How do you teach preschoolers about caring and sharing, which is a young child’s concept of charity? Back in 1992, I started Cherry Preschool with an amazing group of parents and teachers. To accomplish this, we were the grateful recipients of all kinds of donations and acts of kindness, which I guess you could call charity. Having grossly underestimated what it would cost to start a preschool for 150 children from scratch, we were lucky to have raised enough money for a building in which to operate. Even after selecting a contractor who made the lowest bid (never a good idea) to carry out the pro bono architect’s plan for renovation, we had to scramble to pay him. While we had a dedicated community of parents and teachers with lots of energy and creativity, we had no money.
I hope the preschoolers we taught remember that charity begins in our hearts and in the way we treat one another.
Every teacher and board member donated toys from their homes and spent countless hours buying more with their own money at garage sales. Businesses donated office furniture and shelving to hold those toys. We discovered that drawers could become toy cubbies and, turned on their side, book cases and toy shelves. Someone gave us an old refrigerator and stove for the kitchen. My clunky first IBM computer and barely functional printer came from someone’s office. Amazingly, six families loaned us start-up money, which we repaid early and with interest.
Beyond the material goods and financial help, however, people gave something priceless to make the dream of our new preschool a reality. They gave their time and talent freely and generously. Volunteers painted every wall, scrubbed that kitchen, built a handicap accessible ramp, and were literally painting the front door just in time to open the school. We likened it to the barn building scene from the 1985 Harrison Ford movie witness.
To get a sense of what it was like, check out the first three minutes of the preschool’s 25th anniversary video, Cherryness.
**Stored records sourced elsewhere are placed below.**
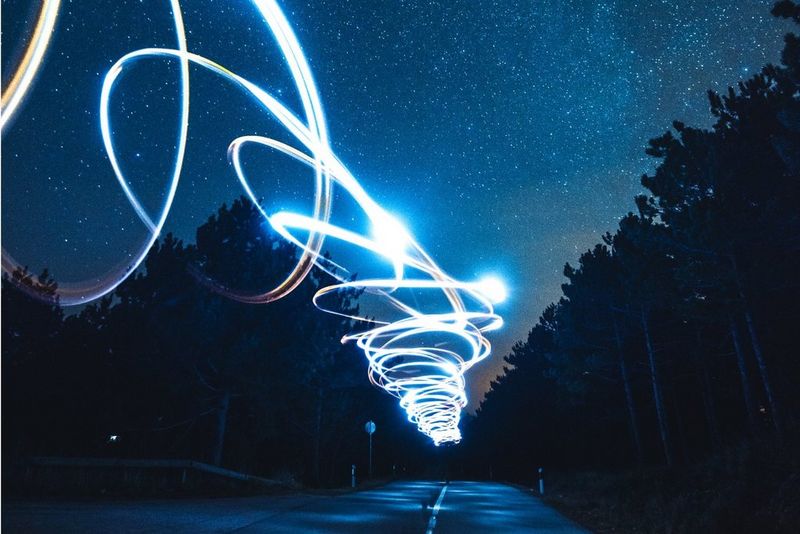 Blue and white light trails spiral above a forest road beneath a star-filled night sky.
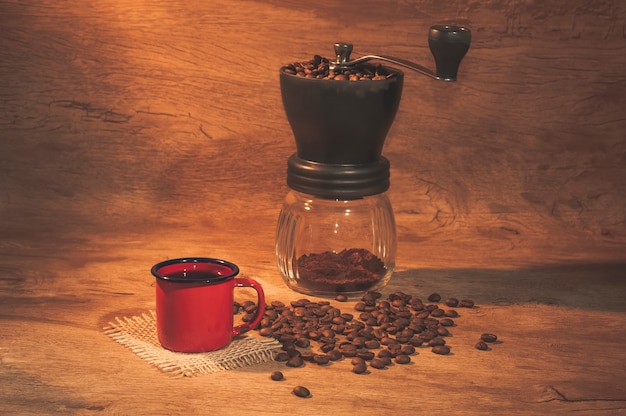 Red coffee mug with coffee grinder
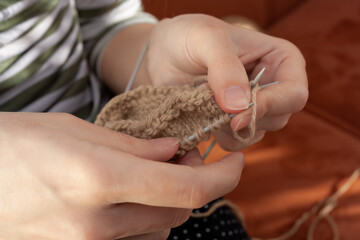 Obraz premium Female hands knitting with beige wool. Close-up of woman knits scarf, sweater, socks or mittens. Process of knitting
Given our origins and the gratitude we felt for so many who offered us a helping hand, we decided early on that one of the values we wanted to teach the children was a form of charity that we came to call caring and sharing. To facilitate this, a parent volunteer (of course) built us a Sharing Tree, pictured in the featured image of this story, that still stands in the preschool hallway just outside of the office. Our first charitable sharing was a food drive at Thanksgiving. Children brought in non-perishable items, which we piled up around the tree. Just before Thanksgiving, the older classes put the food in bags and helped to carry it to the cars of parent volunteers who donated it to families who needed it. We explained to the children that they were lucky to have enough food to eat but there were other children who were not so lucky. Preschoolers could grasp the concept that we should make sure everyone had enough to eat.
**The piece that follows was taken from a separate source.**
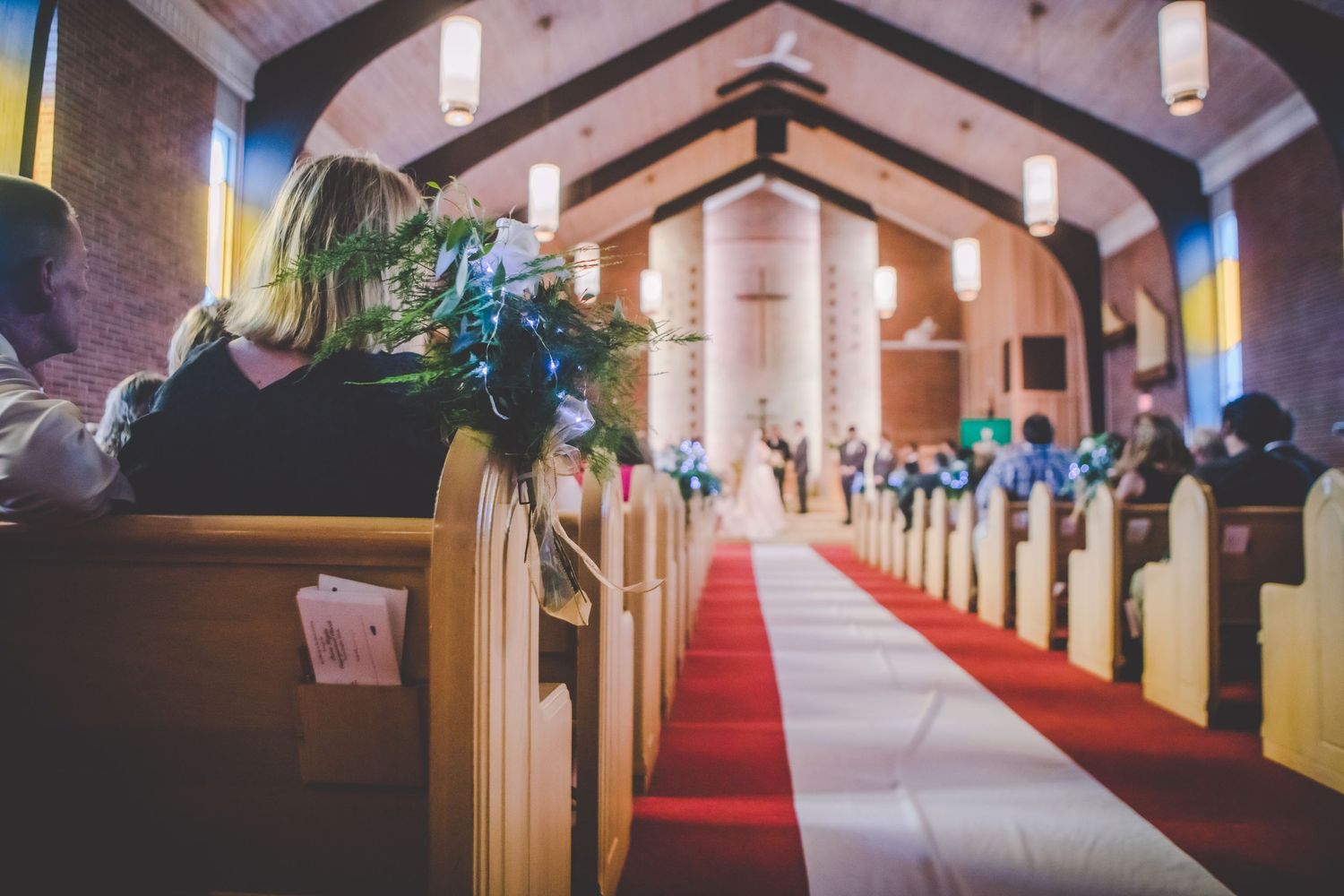 Church sanctuary with red carpet aisle and wooden pews decorated with blue floral arrangements.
After that, we collected Things to Keep Kids Warm. New mittens and hats were hung on the tree, and families donated new and gently used jackets and snowsuits. Once again, the children helped put these things in bags for the parent volunteers to distribute. We also had a Baby Tree under which we collected boxes of new diapers and new and gently used baby clothing, equipment, and toys. Again, we taught the young ones that it was important to make sure all babies had what they needed.
In November, 2001, I explained what we were trying to teach in a newsletter to our parents:
The teachers have been talking with the children about the difficult concept of “caring and sharing,” which is the theme of our Sharing Season. At this time of year, we sometimes ask the children What are you thankful for? Here is an assortment of responses from several classes:
- Tigers
- Fish
- My Dad’s hand (on an x-ray)
- My dollies
- The Union Pacific Railroad
- My pet cat Glitter
- A pink Christmas tree
- My T-rex
- My Zen room
- Chicken to eat
- Bobcat trucks
- My friends
- My school
- My new baby
- That I give presents to people I love
- Grandpas
- God
- The whole world
As we move through the Sharing Season at Cherry Preschool, let’s all try to focus on the things that really matter. Take the time to be thankful for all of the blessings in your life. Take strength from your precious children, enjoy them, and give them some extra hugs for me.
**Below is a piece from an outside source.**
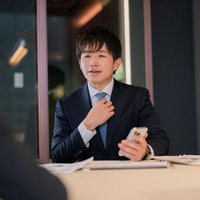 スマートフォンを片手に仕事のプレゼンを進めるM&Aアドバイザーの写真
Reading that now in the context of it being just two months after September 11, it feels even more poignant. The world felt like a cold and frightening place but it was still important to keep our eyes on the prize. Charity for young children is learning to care about others and offer them help when they need it. Perhaps this lesson is even more relevant to adults today. I wish our world had become kinder in the intervening eighteen years, but right now we are in a bad place when it comes to caring and sharing.
I would like to think that those preschoolers from 2001, who are now young adults, are practicing what they learned at Cherry Preschool. I hope they are generous with their time and helpful to others. I hope they vote, work to improve our environment, help the immigrant, lobby for gun safety legislation, and work to make our country fairer for those who struggle financially to survive and to obtain healthcare. I hope they remember that charity begins in our hearts and in the way we treat one another.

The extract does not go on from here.